English as it is employed in areas where it is the major native language of the community, such as in the British Isles, North America and Australasia, is a language which has the fullest possible range of styles running from the most to the least formal. This obviously does not mean to say, however, that all speakers have equal access to or ability in all styles, and it is generally accepted that one of the objectives of mother tongue education is to give pupils exposure to styles at the more formal end of the continuum that they might otherwise not gain any ability in using.

Stylistic differences in English are most obvious at the level of lexis. Consider the differences between

Father was exceedingly fatigued subsequent to his extensive peregrination.

Dad was very tired after his lengthy journey.

The old man was bloody knackered after his long trip .

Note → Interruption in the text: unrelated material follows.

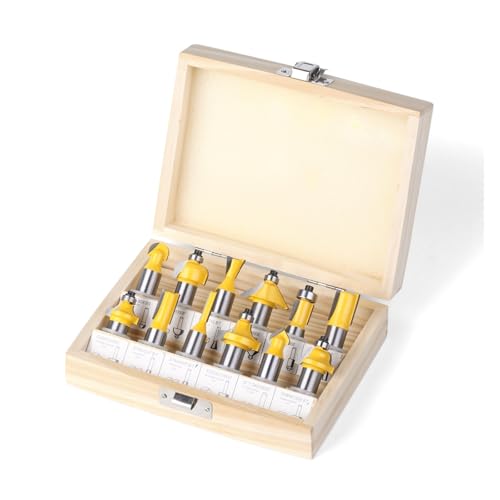 �}���`�V�����N 6mm / 8mm / 1/4" / 1/2" 12 ���[�^�[�r�b�g�Z�b�g�A�t���C�X�J�b�^�[�L�b�g(12PCS 6mm in Box)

Although one could argue about some of the details, we can accept that these three sentences have more or less the same referential meaning, and thus differ only in style – and that the stylistic differences are indicated by lexical choice. It is also clear that native speakers are very sensitive to the fact that stylistic variation constitutes a cline: some of the words here, such as was, his are stylistically neutral; others range in formality from the ridiculously formal peregrination through very formal fatigued to intermediate tired to informal trip to very informal knackered and tabooed informal bloody. It will be observed that, as is often the case, the most informal or “slang” words are regionally restricted, being in this case unknown or unusual in North American English. It will also be observed that there are no strict co-occurrence restrictions here as there are in some languages – one can say long journey and lengthy trip just as well as lengthy journey and long trip.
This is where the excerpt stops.